Your task.
Each line below must be reproduced exactly, though the pictures are to be dropped.
:: Data extract
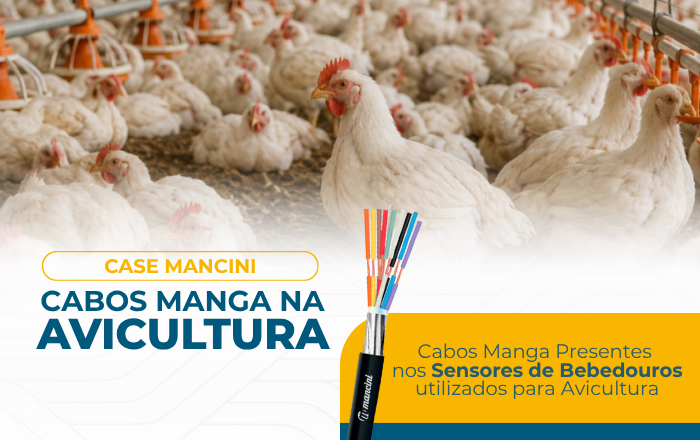 CABOS MANGA MANCINI EM SENSORES PARA AVICULTURA
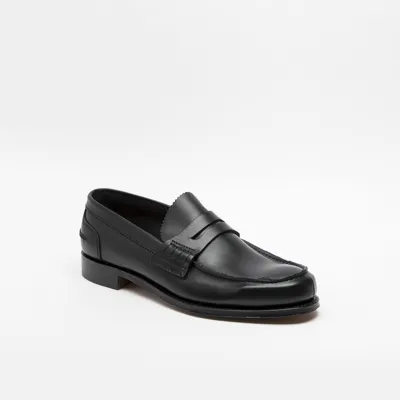 Cheaney Dover Ef Black Softee Calf Penny Loafer In Nero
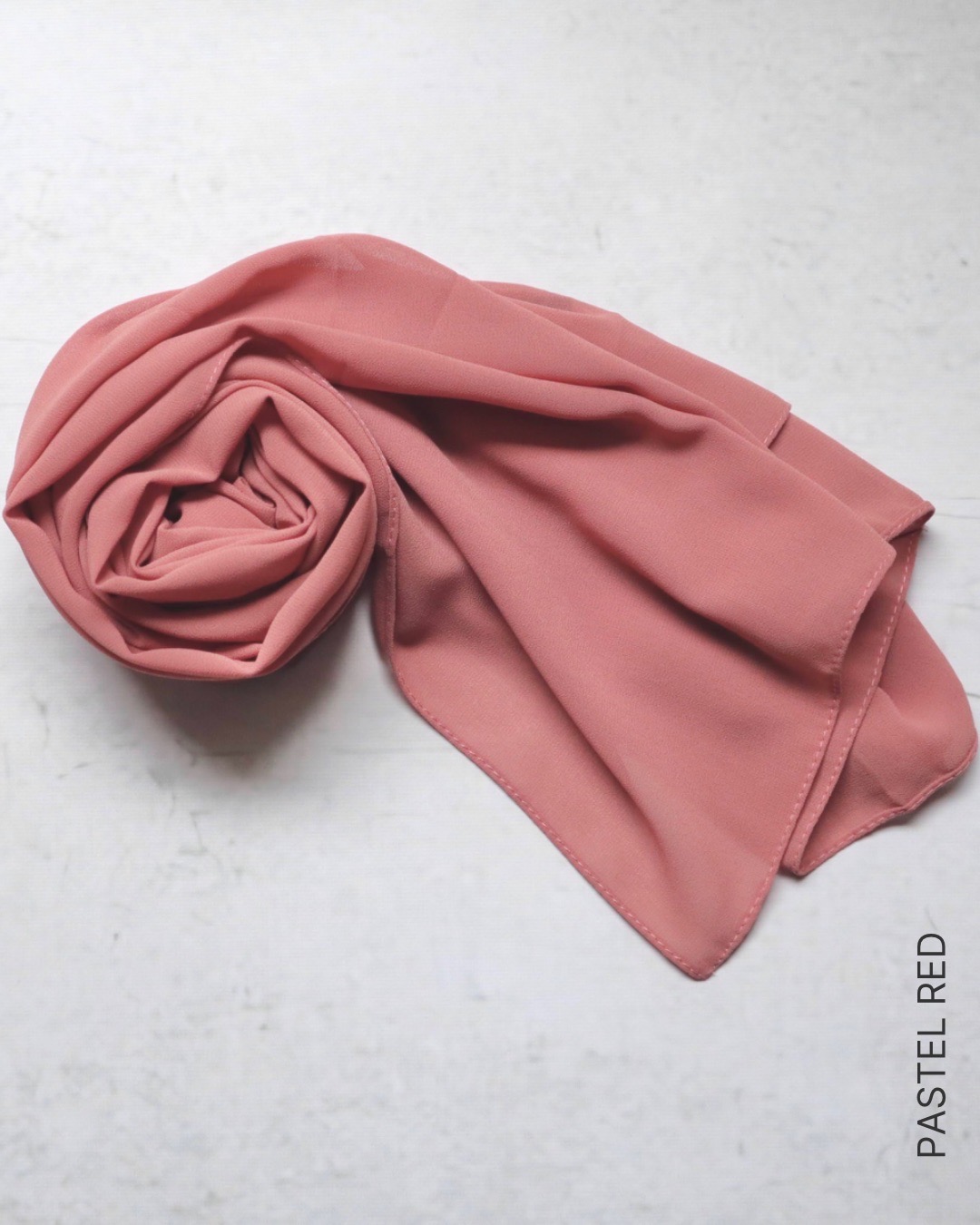 Shop Chiffon Hijabs & Shawls - Pastel Red Online | Modesty Hut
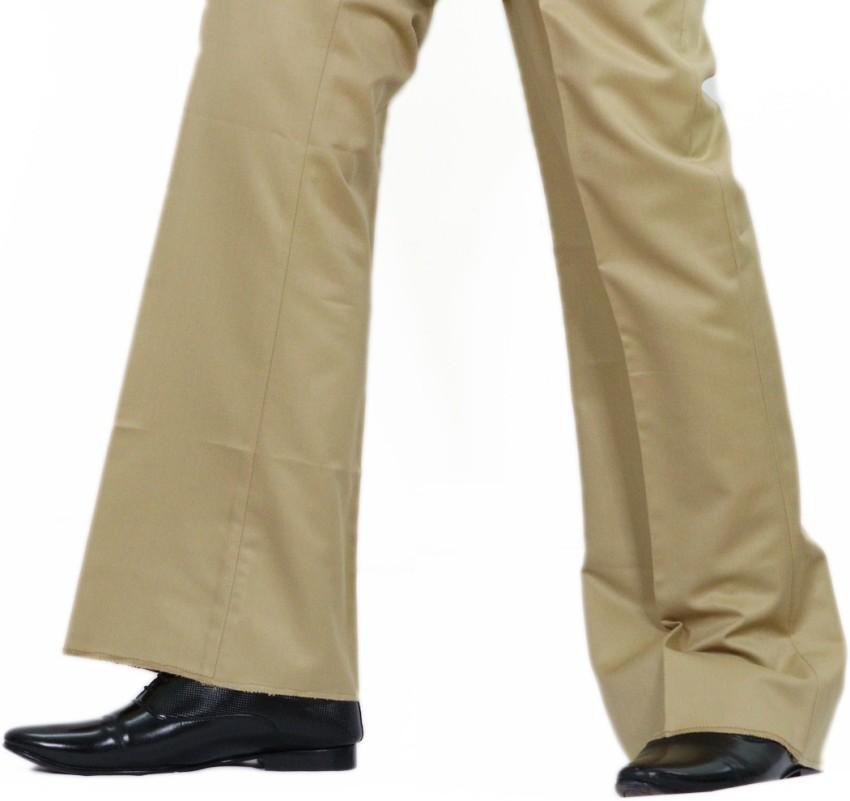 Men's Flared Trousers Formal Pants Bell Bottom Pant Dance White Suit Pants  Size 28-37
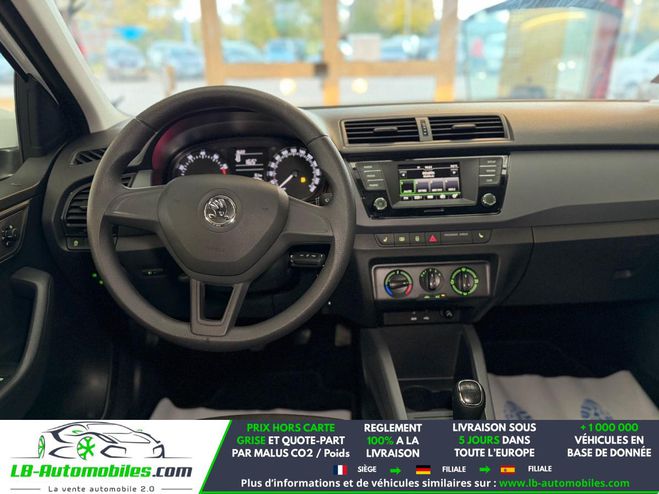 Skoda Fabia 1.0 MPI 75 ch BVM Blanc M�tallique de 2016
::::
Task response.
 CABOS MANGA MANCINI EM SENSORES PARA AVICULTURA
 Cheaney Dover Ef Black Softee Calf Penny Loafer In Nero
 Shop Chiffon Hijabs & Shawls - Pastel Red Online | Modesty Hut
 Men's Flared Trousers Formal Pants Bell Bottom Pant Dance White Suit Pants  Size 28-37
 Skoda Fabia 1.0 MPI 75 ch BVM Blanc M�tallique de 2016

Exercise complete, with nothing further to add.